In February 2016, the FASB issued Accounting Standards Update 2016-02, "Leases (Topic 842)" (ASU 2016-02), which requires a lessee to recognize on the balance sheet the assets and liabilities for the rights and obligations created by those leases with a lease term of more than twelve months. Leases will continue to be classified as either financing or operating, with classification affecting the recognition, measurement and presentation of expenses and cash flows arising from a lease. The Company will adopt ASU 2016-02 no later than the required date of January 1, 2019. We are currently assessing the impact this standard will have on our Consolidated Financial Statements.
In July 2015, the FASB issued Accounting Standards Update 2015-11, "Inventory (Topic 300): Simplifying the Measurement of Inventory" (ASU 2015-11), which applies to inventory measured using first-in, first out (FIFO) or average cost. This update requires that an entity should measure inventory that is within scope at the lower of cost and net realizable value, which is the estimated selling prices in the ordinary course of business, less reasonably predictable costs of completion, disposal and transportation. This update is effective for annual and interim periods beginning after December 15, 2016, and should be applied prospectively with early adoption permitted at the beginning of an interim or annual reporting period. We do not expect this standard to have a material impact on our Consolidated Financial Statements.

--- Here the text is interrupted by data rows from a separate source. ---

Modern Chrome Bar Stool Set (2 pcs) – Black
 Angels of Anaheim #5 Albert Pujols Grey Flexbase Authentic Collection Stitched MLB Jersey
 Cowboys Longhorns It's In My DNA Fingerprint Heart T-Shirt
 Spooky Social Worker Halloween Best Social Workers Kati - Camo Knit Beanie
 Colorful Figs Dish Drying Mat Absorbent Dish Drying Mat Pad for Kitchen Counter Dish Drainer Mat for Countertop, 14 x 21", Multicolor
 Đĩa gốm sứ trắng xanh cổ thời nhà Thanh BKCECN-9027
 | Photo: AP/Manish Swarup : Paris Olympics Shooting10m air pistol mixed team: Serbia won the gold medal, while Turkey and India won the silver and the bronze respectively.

In May 2014, the FASB issued Auditing Standards Update 2014-09, "Revenue from Contracts with Customers" (ASU 2014-09). Under this standard, a company recognizes revenue when it transfers promised goods or services to customers in an amount that reflects the consideration to which the company expects to be entitled in exchange for those goods or services. The standard implements a five-step process for customer contract revenue recognition that focuses on transfer of control. The Company will adopt ASU 2014-09 no later than the required date of January 1, 2018. Entities can transition to the standard either retrospectively or as a cumulative-effect adjustment as of the date of adoption. We are currently assessing the impact this standard will have on our Consolidated Financial Statements as well as the method by which we will adopt the new standard.